== Task instructions ==
Only the lines of the listing below that run from the line with "Unveiling pmarco seantoniosse: A Deep Dive" through the line with "国产空调十大排名榜(国产空调十大排名榜销量)" are to be set down, word for word. Pictures stay out.

== Data supplied ==
=== Section Start ===

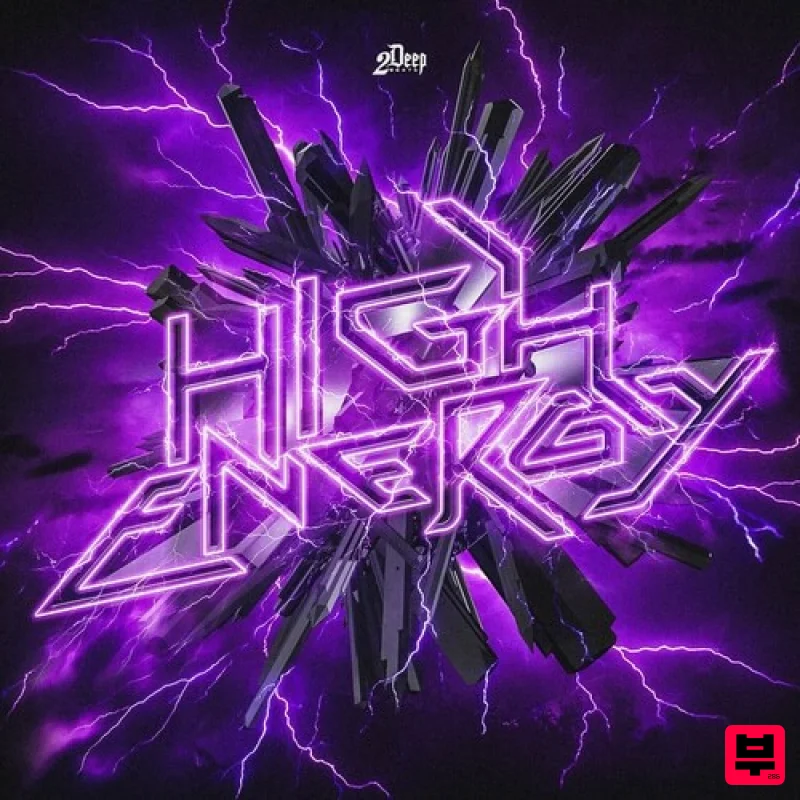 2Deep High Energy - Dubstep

=== Section End ===
=== Section Start ===

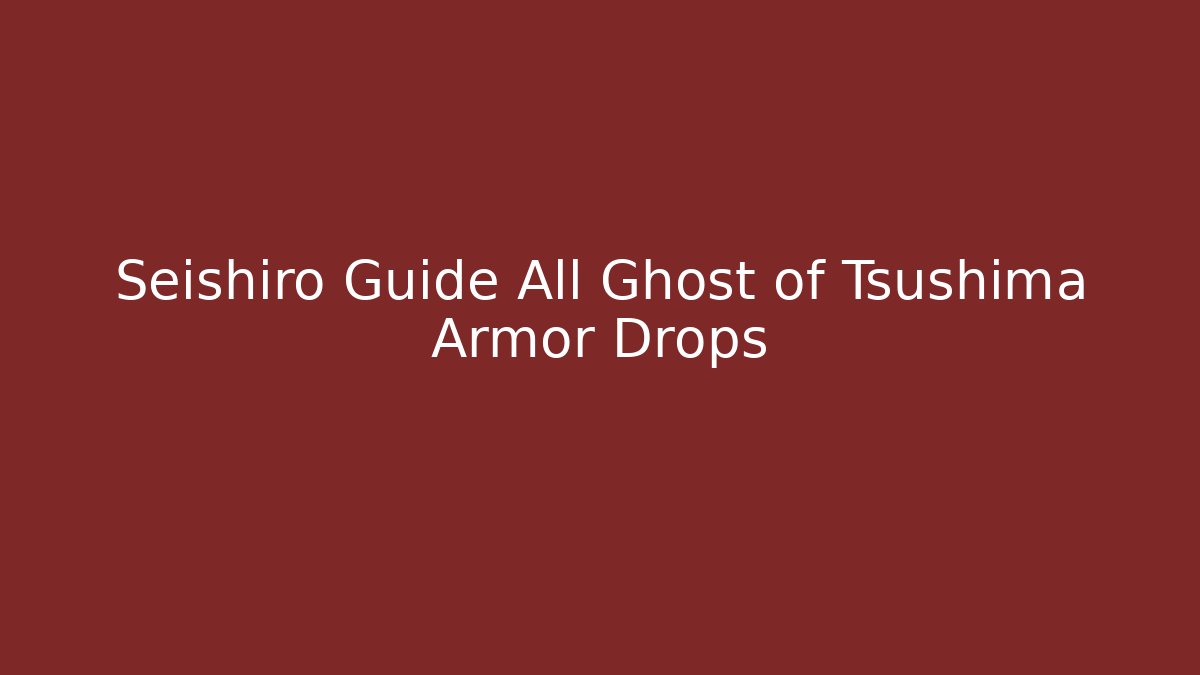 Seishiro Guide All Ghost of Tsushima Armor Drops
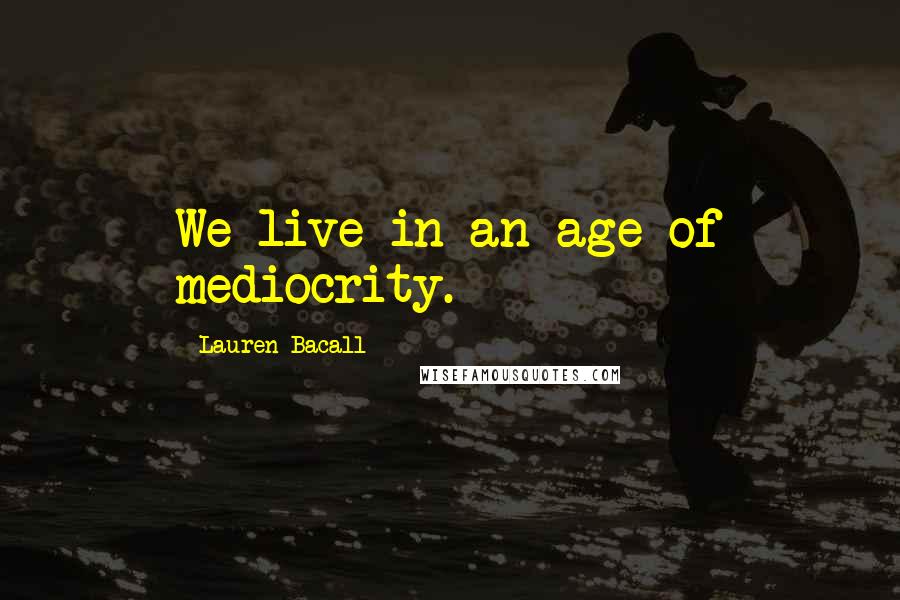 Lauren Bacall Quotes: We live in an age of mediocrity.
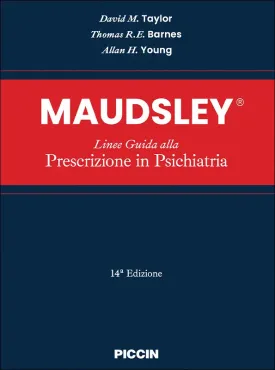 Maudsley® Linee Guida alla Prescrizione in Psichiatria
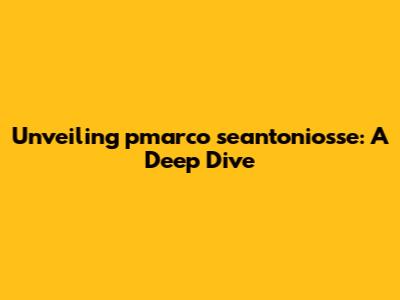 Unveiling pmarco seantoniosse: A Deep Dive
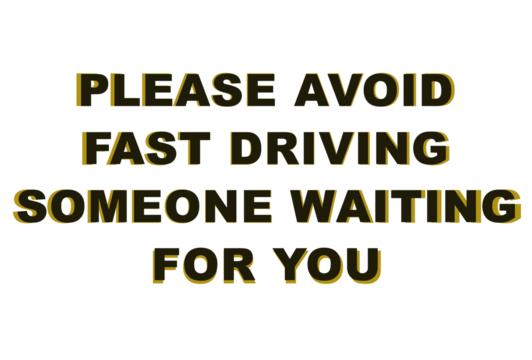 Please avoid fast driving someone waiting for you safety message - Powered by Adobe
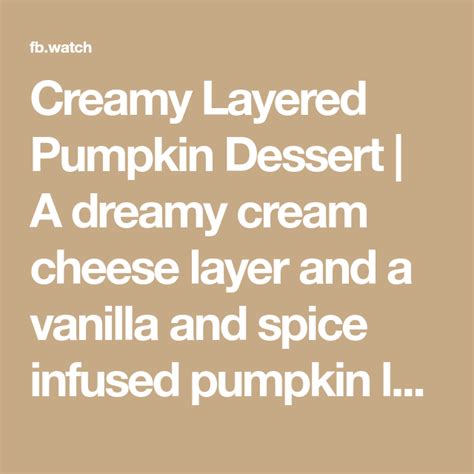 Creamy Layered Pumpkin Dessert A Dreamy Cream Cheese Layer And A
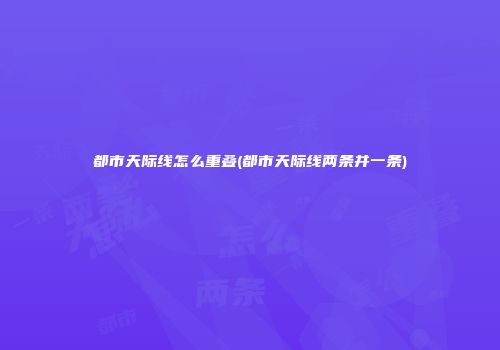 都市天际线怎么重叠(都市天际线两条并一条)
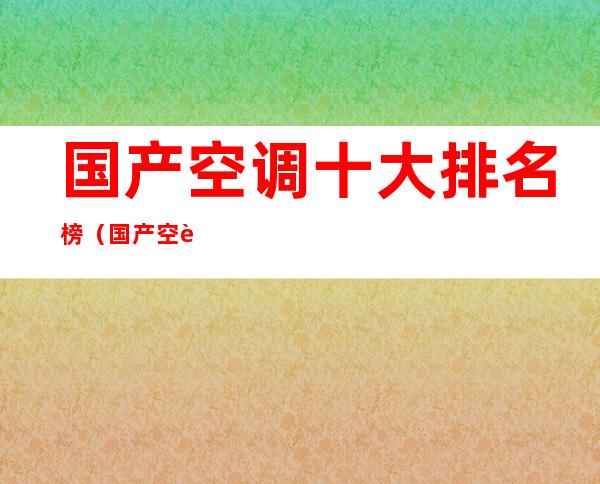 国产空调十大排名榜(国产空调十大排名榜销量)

=== Section End ===

== Response ==
 Unveiling pmarco seantoniosse: A Deep Dive
 Please avoid fast driving someone waiting for you safety message - Powered by Adobe
 Creamy Layered Pumpkin Dessert A Dreamy Cream Cheese Layer And A
 都市天际线怎么重叠(都市天际线两条并一条)
 国产空调十大排名榜(国产空调十大排名榜销量)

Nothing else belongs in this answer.